SUPPLIED MATERIAL:

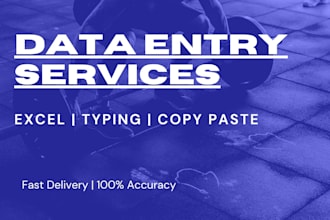 data entry and excel spreadsheet work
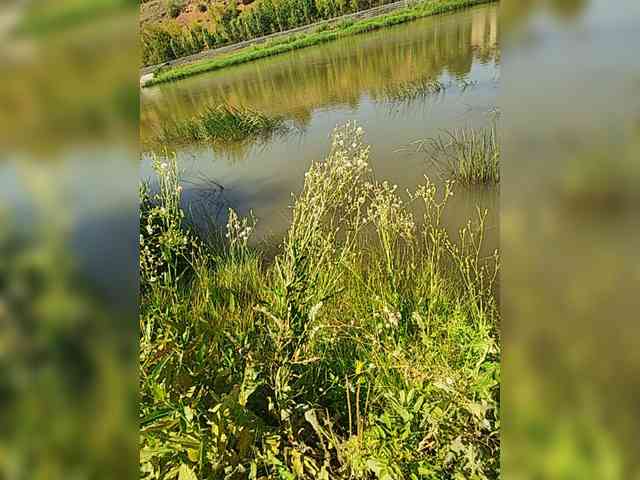manbek manbek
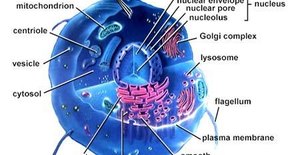 Cell Structure Definitions | Sciencing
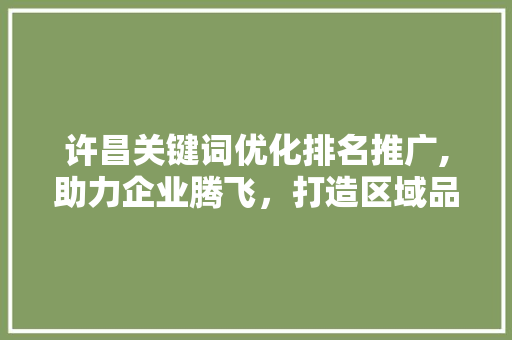 许昌关键词优化排名推广,助力企业腾飞，打造区域品牌新高度 网站建设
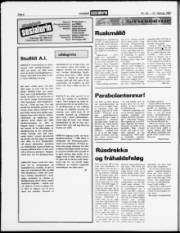 Síða 6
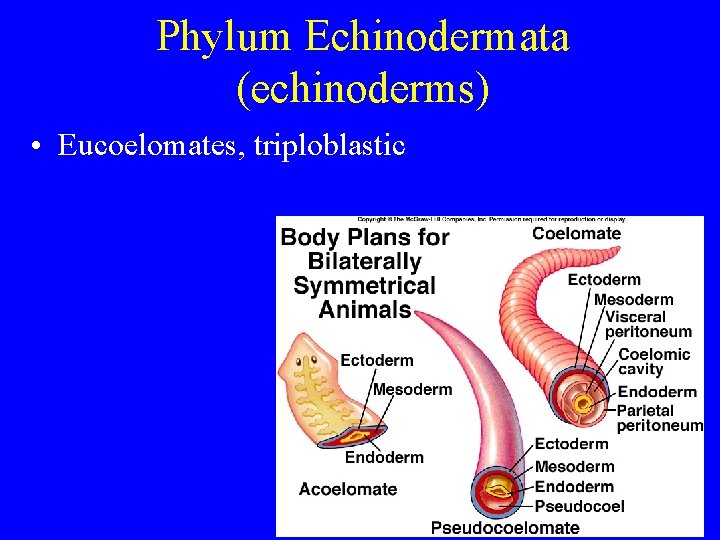 Phylum Echinodermata (echinoderms) • Eucoelomates, triploblastic Phylum Echinodermata (echinoderms) • Eucoelomates, triploblastic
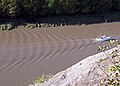 Ungestörte Bugwellen und Kielwasser.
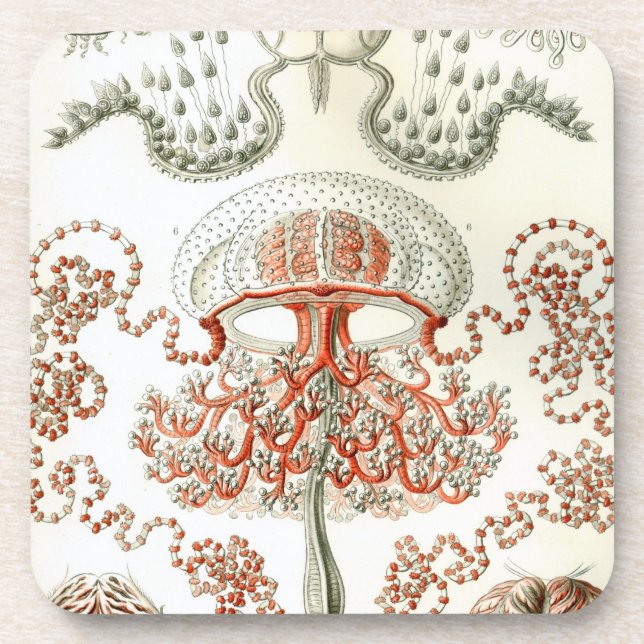 Porta-copo Vintage Haeckel (Frente)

DIRECTIONS FOR THIS TASK:
The response must consist of the entries above exactly as they stand, minus any pictures.

RESPONSE AREA:
 data entry and excel spreadsheet work
manbek manbek
 Cell Structure Definitions | Sciencing
 许昌关键词优化排名推广,助力企业腾飞，打造区域品牌新高度 网站建设
 Síða 6
 Phylum Echinodermata (echinoderms) • Eucoelomates, triploblastic Phylum Echinodermata (echinoderms) • Eucoelomates, triploblastic
 Ungestörte Bugwellen und Kielwasser.
 Porta-copo Vintage Haeckel (Frente)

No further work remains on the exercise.